With just about one week to go until earnings season for the second quarter of 2013 is upon us, I am making a list of stocks that I want to follow closely for potential clues to broader market reaction once the earnings hit the tape.  Front and center on that list is Goldman Sachs (GS), which not only will give me a read on investor sentiment into earnings season but being an interest rate sensitive stocks also should tell me a thing or two about how investors perceive the recent hike in rates to weigh on the market.

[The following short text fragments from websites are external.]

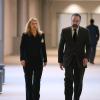 HOMELAND (Season 2)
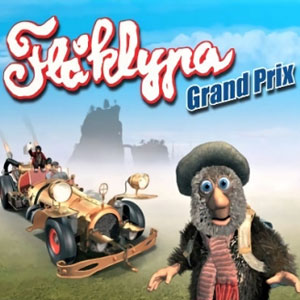 Buy Pinchcliffe Grand Prix Nintendo Switch Compare Prices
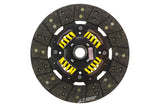 ACT 2005 Toyota Tundra Perf Street Sprung Disc - 3000616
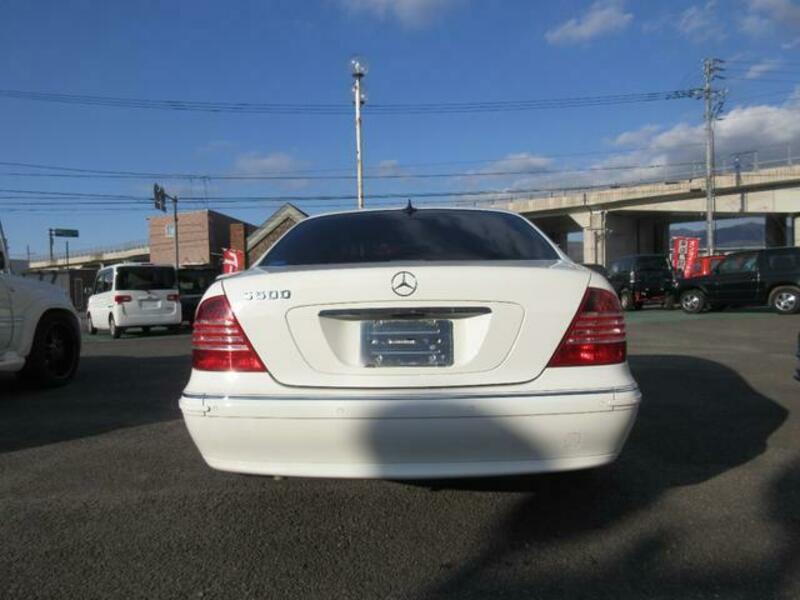 S-CLASS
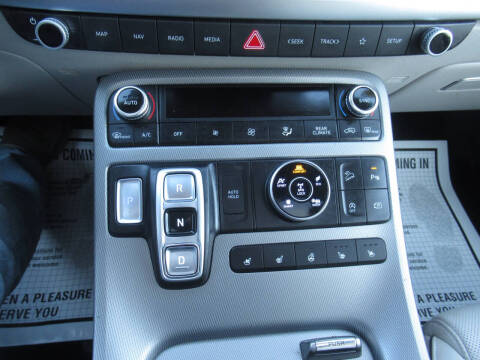 2023 Hyundai Palisade Limited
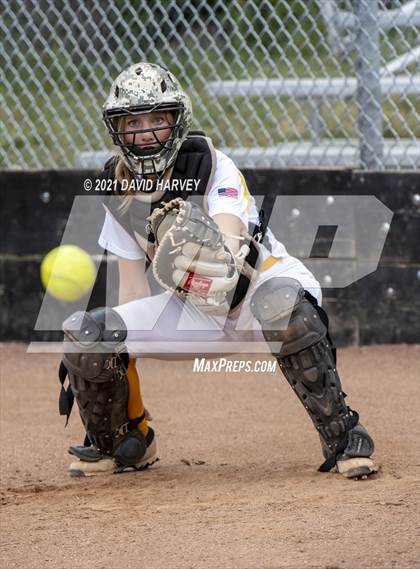 Thumbnail 1 in Skyview vs. Green Mountain photogallery.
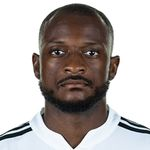 David Kinsombi, Würzburger Kickers Central Midfielder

From a lengthened medium term point of view of around 11 months, note the important line in the sand/on the chart, dating back to the August 2012 lows.  The support line (blue dotted line) just about coincides with the stock’s 100 day simple moving average (blue line) and currently also isn’t too far below the 50 day simple moving average (yellow line).  The support line currently comes in just around the $151 mark, which once again held as support in late June after the stock pulled back from the year to date highs.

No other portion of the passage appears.